### What you need to do
Copy all entries without alteration and skip the pictures they hold.

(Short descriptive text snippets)
════

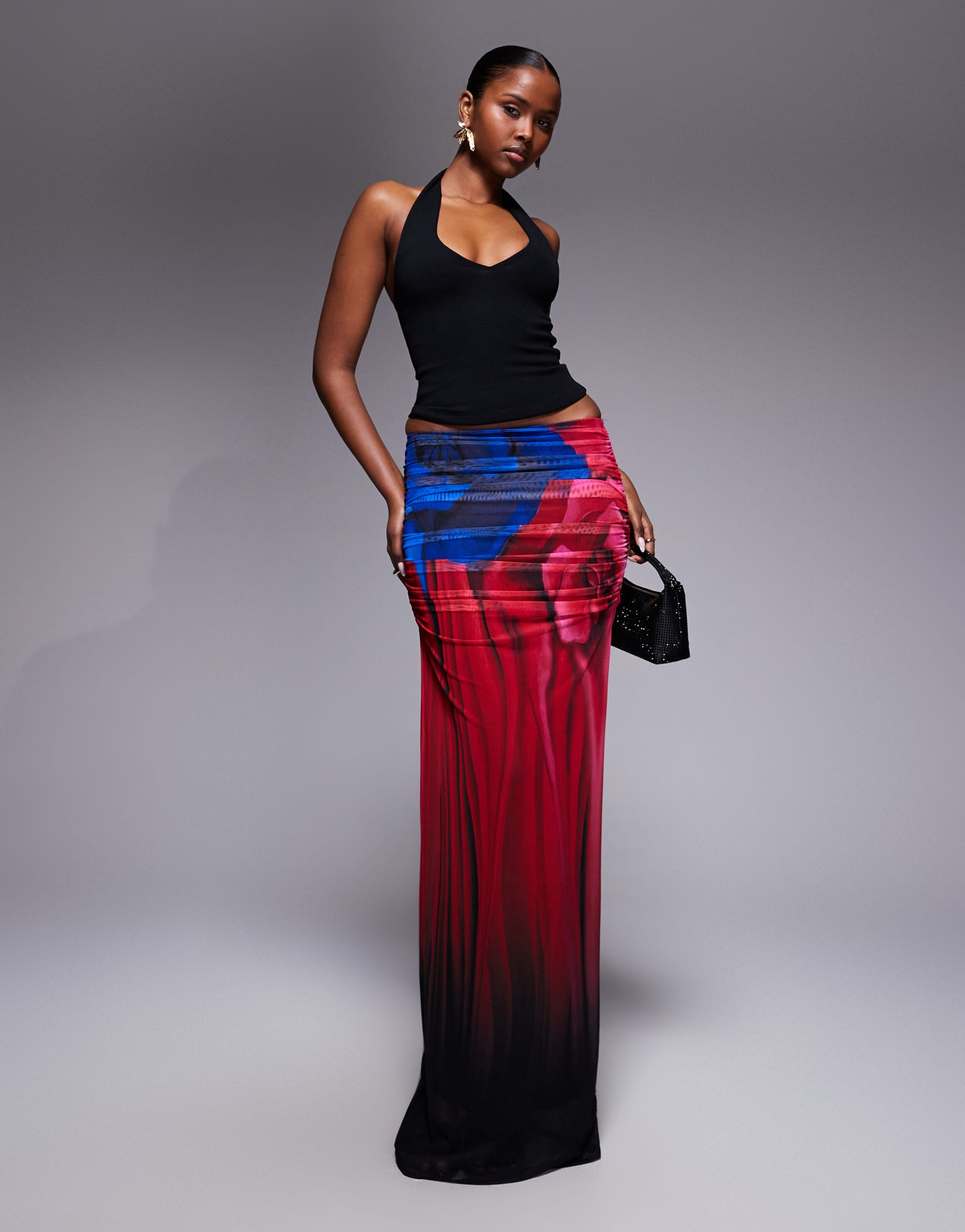 afrm bevin mesh ruched maxi skirt in red blurred floral print - part of a set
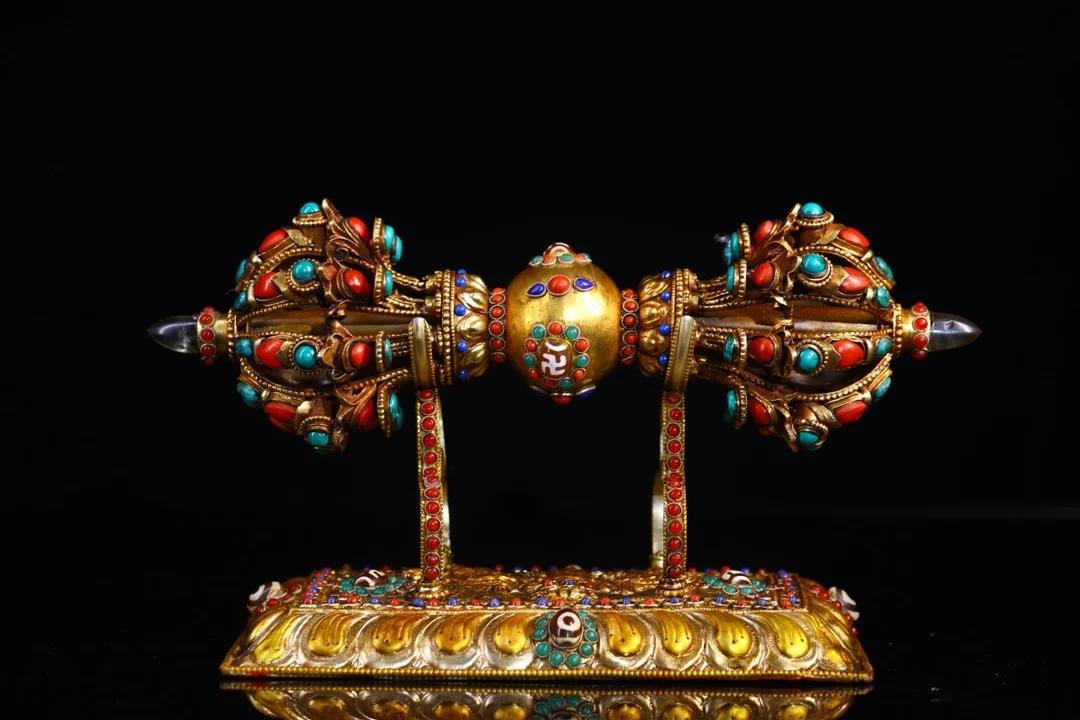 

7"Tibetan Temple Collection Old Natural Crystal Gilt Gem Dzi Beads Dorje Vajra Phurpa lotus pedestal Dharma Town House Exorcism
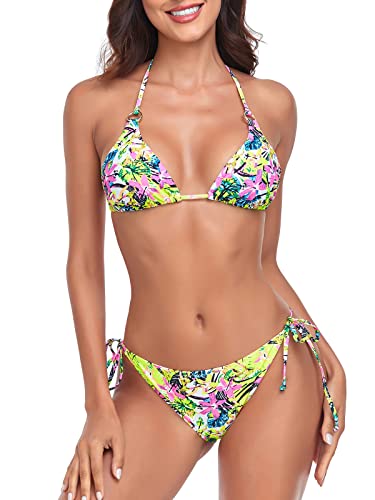 Bikini RELLECIGA Stampa Blu-giallo, Triangolo Halter Con Lacci E Slips Brasiliani, Taglia S - 3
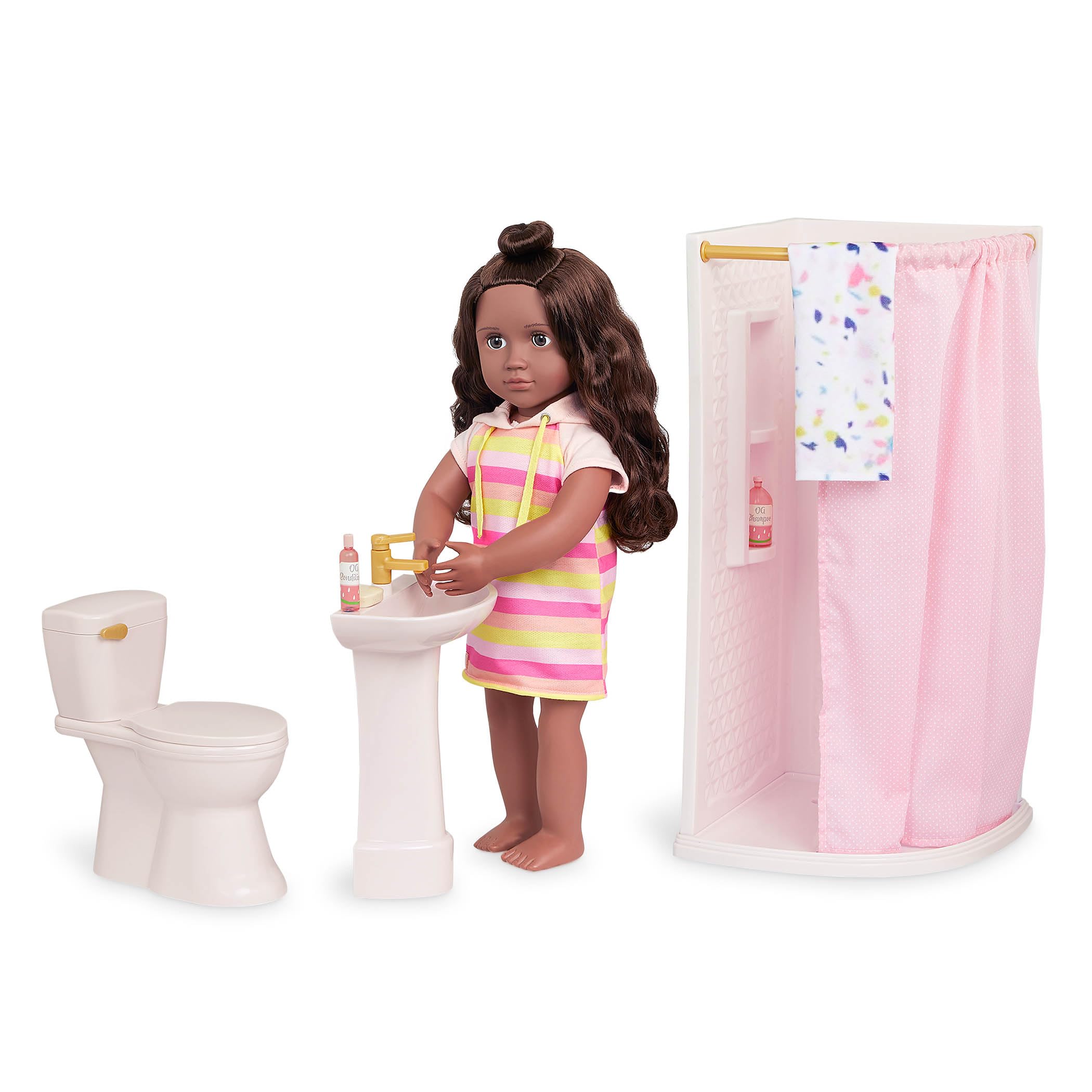 Our Generation Sweet Bathroom zestaw mebli łazienkowych dla lalek 46 cm – w zestawie wanna, umywalka, toaleta i akcesoria – meble dla lalek do fantazyjnej zabawy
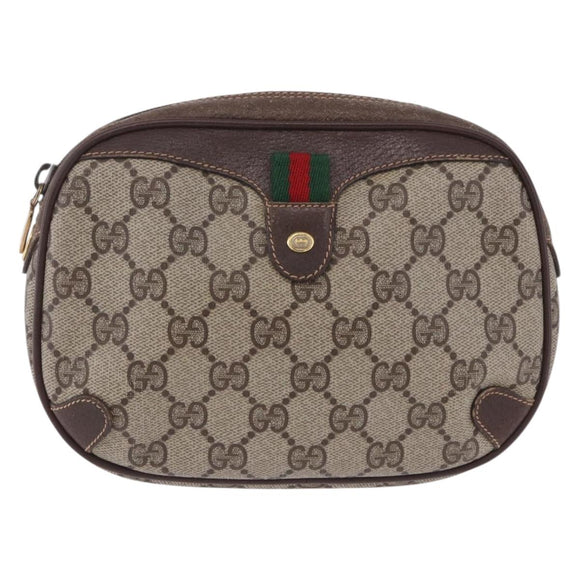 GUCCI GG Supreme Web Sherry Line Clutch Bag PVC Beige 156 02 066 Auth ti4015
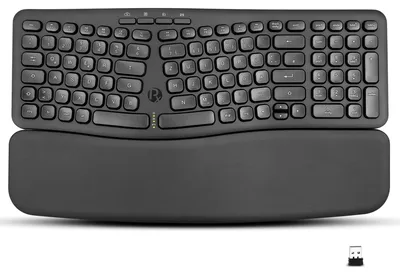 Produktbild von Perixx PERIBOARD-636 DE, ergonomische Wireless Tastatur, inkl. Handballenpolster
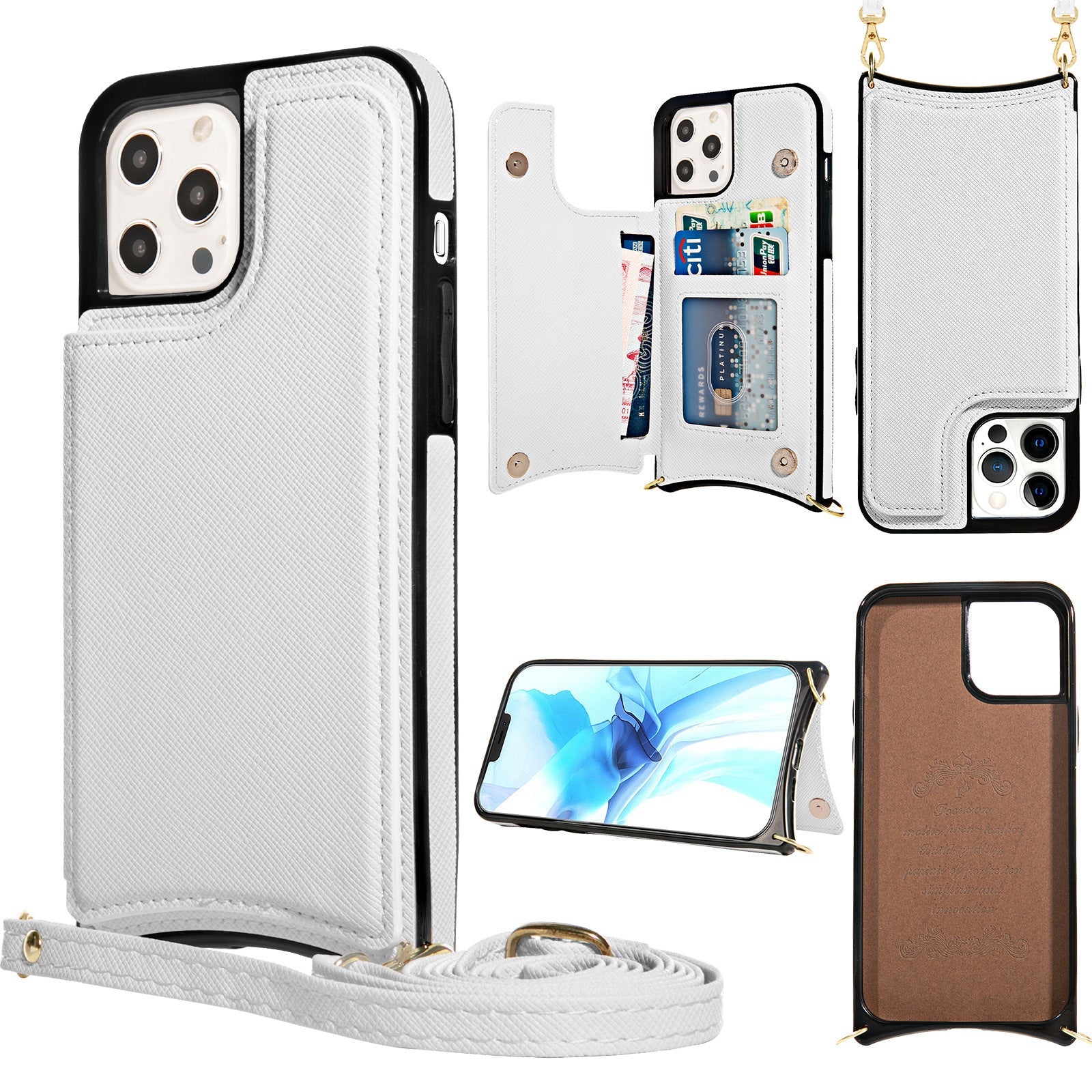 HKM-985235 Leather Card Holder Case with Cross Pattern for iPhone Models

════

### Response
 afrm bevin mesh ruched maxi skirt in red blurred floral print - part of a set

7"Tibetan Temple Collection Old Natural Crystal Gilt Gem Dzi Beads Dorje Vajra Phurpa lotus pedestal Dharma Town House Exorcism
 Bikini RELLECIGA Stampa Blu-giallo, Triangolo Halter Con Lacci E Slips Brasiliani, Taglia S - 3
 Our Generation Sweet Bathroom zestaw mebli łazienkowych dla lalek 46 cm – w zestawie wanna, umywalka, toaleta i akcesoria – meble dla lalek do fantazyjnej zabawy
 GUCCI GG Supreme Web Sherry Line Clutch Bag PVC Beige 156 02 066 Auth ti4015
 Produktbild von Perixx PERIBOARD-636 DE, ergonomische Wireless Tastatur, inkl. Handballenpolster
 HKM-985235 Leather Card Holder Case with Cross Pattern for iPhone Models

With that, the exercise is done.